Listed entries:
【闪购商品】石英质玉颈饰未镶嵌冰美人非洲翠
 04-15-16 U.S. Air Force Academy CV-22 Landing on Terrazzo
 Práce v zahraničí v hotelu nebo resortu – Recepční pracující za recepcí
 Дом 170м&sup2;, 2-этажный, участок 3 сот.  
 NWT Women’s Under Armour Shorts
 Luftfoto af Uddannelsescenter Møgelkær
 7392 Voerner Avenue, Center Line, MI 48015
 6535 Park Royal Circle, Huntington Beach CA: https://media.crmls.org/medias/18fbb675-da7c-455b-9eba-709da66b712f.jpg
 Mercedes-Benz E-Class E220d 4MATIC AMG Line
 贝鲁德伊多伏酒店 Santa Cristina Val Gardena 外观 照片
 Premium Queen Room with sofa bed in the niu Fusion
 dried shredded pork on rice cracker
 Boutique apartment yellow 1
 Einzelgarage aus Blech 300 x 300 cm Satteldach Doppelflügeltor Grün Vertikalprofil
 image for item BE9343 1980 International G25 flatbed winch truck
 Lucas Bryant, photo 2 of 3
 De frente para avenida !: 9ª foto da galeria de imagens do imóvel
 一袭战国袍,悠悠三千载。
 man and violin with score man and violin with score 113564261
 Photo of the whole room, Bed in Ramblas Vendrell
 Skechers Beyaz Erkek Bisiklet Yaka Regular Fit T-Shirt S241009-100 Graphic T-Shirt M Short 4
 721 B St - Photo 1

Aim of the task:
Please copy out each entry exactly as it appears above.

Response box:
【闪购商品】石英质玉颈饰未镶嵌冰美人非洲翠
 04-15-16 U.S. Air Force Academy CV-22 Landing on Terrazzo
 Práce v zahraničí v hotelu nebo resortu – Recepční pracující za recepcí
 Дом 170м&sup2;, 2-этажный, участок 3 сот.  
 NWT Women’s Under Armour Shorts
 Luftfoto af Uddannelsescenter Møgelkær
 7392 Voerner Avenue, Center Line, MI 48015
 6535 Park Royal Circle, Huntington Beach CA: https://media.crmls.org/medias/18fbb675-da7c-455b-9eba-709da66b712f.jpg
 Mercedes-Benz E-Class E220d 4MATIC AMG Line
 贝鲁德伊多伏酒店 Santa Cristina Val Gardena 外观 照片
 Premium Queen Room with sofa bed in the niu Fusion
 dried shredded pork on rice cracker
 Boutique apartment yellow 1
 Einzelgarage aus Blech 300 x 300 cm Satteldach Doppelflügeltor Grün Vertikalprofil
 image for item BE9343 1980 International G25 flatbed winch truck
 Lucas Bryant, photo 2 of 3
 De frente para avenida !: 9ª foto da galeria de imagens do imóvel
 一袭战国袍,悠悠三千载。
 man and violin with score man and violin with score 113564261
 Photo of the whole room, Bed in Ramblas Vendrell
 Skechers Beyaz Erkek Bisiklet Yaka Regular Fit T-Shirt S241009-100 Graphic T-Shirt M Short 4
 721 B St - Photo 1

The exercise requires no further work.